--- START ---
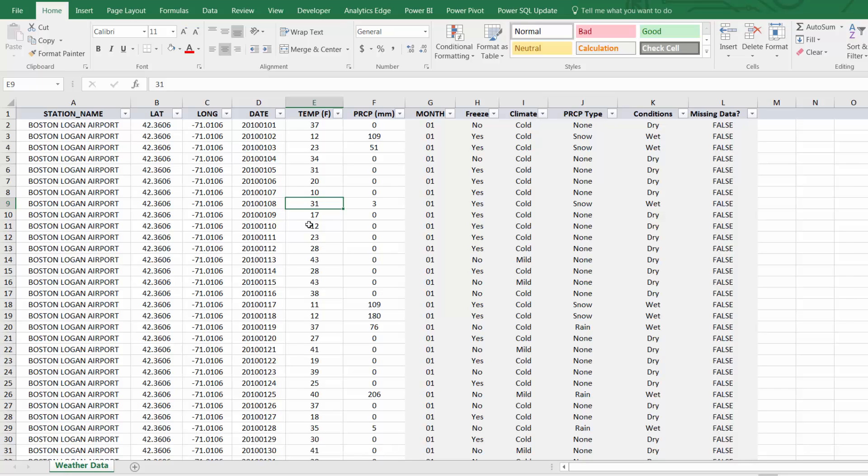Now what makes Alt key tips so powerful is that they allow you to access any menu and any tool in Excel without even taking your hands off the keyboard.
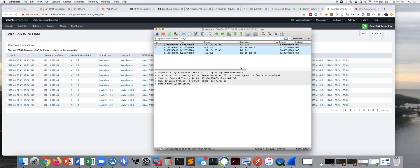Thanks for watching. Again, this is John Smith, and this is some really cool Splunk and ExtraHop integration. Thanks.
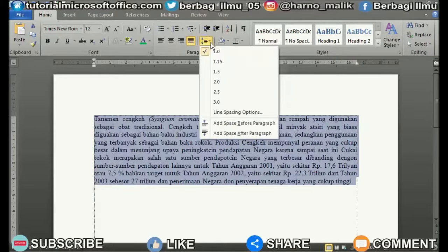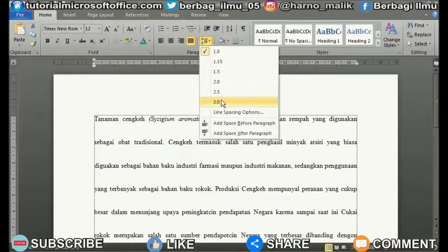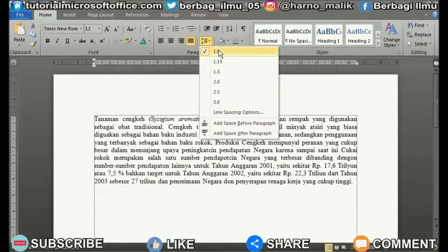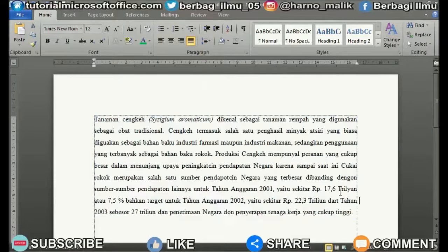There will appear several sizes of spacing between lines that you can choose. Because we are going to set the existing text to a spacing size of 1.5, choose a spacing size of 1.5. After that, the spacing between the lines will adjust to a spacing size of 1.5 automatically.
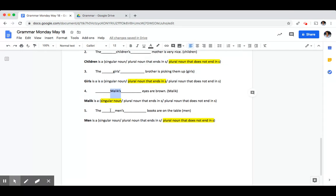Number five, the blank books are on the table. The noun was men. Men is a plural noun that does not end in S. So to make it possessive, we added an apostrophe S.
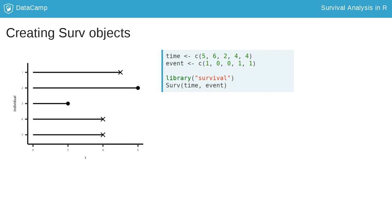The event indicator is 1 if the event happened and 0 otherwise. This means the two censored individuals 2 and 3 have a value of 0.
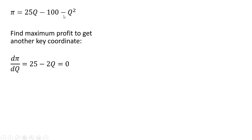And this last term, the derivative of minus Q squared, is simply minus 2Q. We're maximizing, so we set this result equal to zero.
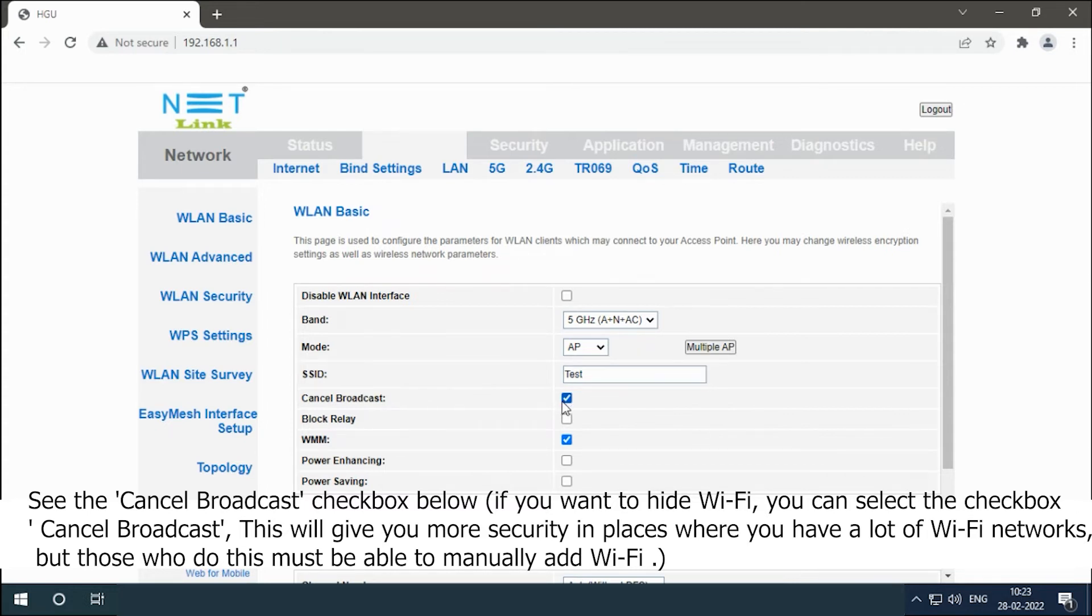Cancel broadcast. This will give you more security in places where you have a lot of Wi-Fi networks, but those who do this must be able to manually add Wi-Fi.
--- END ---
Reproduce verbatim the opening line of the material and every line after it, up to and including the line with "Number five, the", but no pictures.

Now what makes Alt key tips so powerful is that they allow you to access any menu and any tool in Excel without even taking your hands off the keyboard.
Thanks for watching. Again, this is John Smith, and this is some really cool Splunk and ExtraHop integration. Thanks.
There will appear several sizes of spacing between lines that you can choose. Because we are going to set the existing text to a spacing size of 1.5, choose a spacing size of 1.5. After that, the spacing between the lines will adjust to a spacing size of 1.5 automatically.
Number five, the blank books are on the table. The noun was men. Men is a plural noun that does not end in S. So to make it possessive, we added an apostrophe S.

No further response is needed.